To plug the security gap, interim aviation director Brent Cagle says Charlotte will spend close to half a million dollars paying contract workers from the private firm G4S to man the exits for nine months. During that time, Charlotte officials will explore permanent options – including the possibility of technology to secure the exits.
In what Cagle sarcastically calls "excellent TSA fashion," the agency is not offering any solutions or guidance to airports about how to pick up the slack on exit lane security.
"That is one of the things that the taxes passengers pay are designed to pay for," says Cagle. "The TSA is reducing their service level, but the taxes aren't being reduced, so we view this as an unfunded mandate."
Despite widespread opposition from airport administrators nationwide, the TSA announced last month that it will no longer secure the exits travelers pass through on their way to baggage claim.
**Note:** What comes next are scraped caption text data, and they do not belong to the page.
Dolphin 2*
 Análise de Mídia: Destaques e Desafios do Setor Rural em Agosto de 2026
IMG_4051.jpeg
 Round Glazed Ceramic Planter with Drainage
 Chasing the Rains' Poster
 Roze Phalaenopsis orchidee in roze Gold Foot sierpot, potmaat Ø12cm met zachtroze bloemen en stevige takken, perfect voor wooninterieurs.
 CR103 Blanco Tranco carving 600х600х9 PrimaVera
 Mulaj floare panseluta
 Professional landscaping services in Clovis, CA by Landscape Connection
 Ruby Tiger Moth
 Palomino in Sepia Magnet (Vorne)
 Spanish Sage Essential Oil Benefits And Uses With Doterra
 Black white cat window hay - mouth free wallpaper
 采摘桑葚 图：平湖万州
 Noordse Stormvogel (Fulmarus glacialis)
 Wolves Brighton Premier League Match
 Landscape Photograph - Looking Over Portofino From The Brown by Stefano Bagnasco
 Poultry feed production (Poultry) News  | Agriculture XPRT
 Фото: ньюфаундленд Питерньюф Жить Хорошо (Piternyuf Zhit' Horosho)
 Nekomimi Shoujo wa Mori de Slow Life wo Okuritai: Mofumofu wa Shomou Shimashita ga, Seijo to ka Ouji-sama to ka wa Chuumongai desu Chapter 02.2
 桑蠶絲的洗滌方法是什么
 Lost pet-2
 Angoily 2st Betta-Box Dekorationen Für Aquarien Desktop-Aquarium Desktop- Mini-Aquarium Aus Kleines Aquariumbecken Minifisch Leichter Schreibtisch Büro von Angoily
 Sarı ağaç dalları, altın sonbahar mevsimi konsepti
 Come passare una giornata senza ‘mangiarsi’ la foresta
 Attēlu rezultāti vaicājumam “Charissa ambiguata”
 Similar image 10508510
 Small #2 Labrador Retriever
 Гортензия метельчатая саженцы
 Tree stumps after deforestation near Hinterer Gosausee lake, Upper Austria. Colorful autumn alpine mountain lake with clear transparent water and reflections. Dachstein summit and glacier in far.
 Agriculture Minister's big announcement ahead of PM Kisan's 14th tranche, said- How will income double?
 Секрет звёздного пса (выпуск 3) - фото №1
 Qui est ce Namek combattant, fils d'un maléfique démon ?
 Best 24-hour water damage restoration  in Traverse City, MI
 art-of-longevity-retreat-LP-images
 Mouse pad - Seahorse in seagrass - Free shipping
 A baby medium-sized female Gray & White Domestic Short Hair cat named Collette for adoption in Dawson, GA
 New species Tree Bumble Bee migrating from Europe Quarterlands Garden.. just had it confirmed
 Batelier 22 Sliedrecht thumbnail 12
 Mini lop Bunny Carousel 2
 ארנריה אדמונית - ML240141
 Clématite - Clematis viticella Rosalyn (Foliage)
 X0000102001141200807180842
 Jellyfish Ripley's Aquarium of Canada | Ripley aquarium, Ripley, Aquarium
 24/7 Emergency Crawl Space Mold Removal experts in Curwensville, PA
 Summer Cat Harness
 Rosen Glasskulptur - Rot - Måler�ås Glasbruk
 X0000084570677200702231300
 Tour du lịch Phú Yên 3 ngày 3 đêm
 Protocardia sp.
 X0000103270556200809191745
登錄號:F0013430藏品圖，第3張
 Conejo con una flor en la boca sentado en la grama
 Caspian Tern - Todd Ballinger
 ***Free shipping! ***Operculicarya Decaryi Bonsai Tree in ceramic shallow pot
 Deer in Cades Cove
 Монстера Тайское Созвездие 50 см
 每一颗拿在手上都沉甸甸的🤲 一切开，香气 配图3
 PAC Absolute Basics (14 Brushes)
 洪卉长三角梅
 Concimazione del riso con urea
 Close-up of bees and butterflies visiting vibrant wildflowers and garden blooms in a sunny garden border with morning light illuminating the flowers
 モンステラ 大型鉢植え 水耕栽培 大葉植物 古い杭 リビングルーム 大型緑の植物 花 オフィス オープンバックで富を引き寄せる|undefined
TSA cites federal budget cuts and says the switch will save it $88 million a year, while focusing on its "priority of screening passengers and baggage." But Cagle says airports will merely shift the costs to airlines, who will then shift it to customers through airfares.
On Monday night, the Charlotte City Council will consider a $410,000 transfer from the Airport's Discretionary Fund to cover nine-months of contract security for the exit lanes.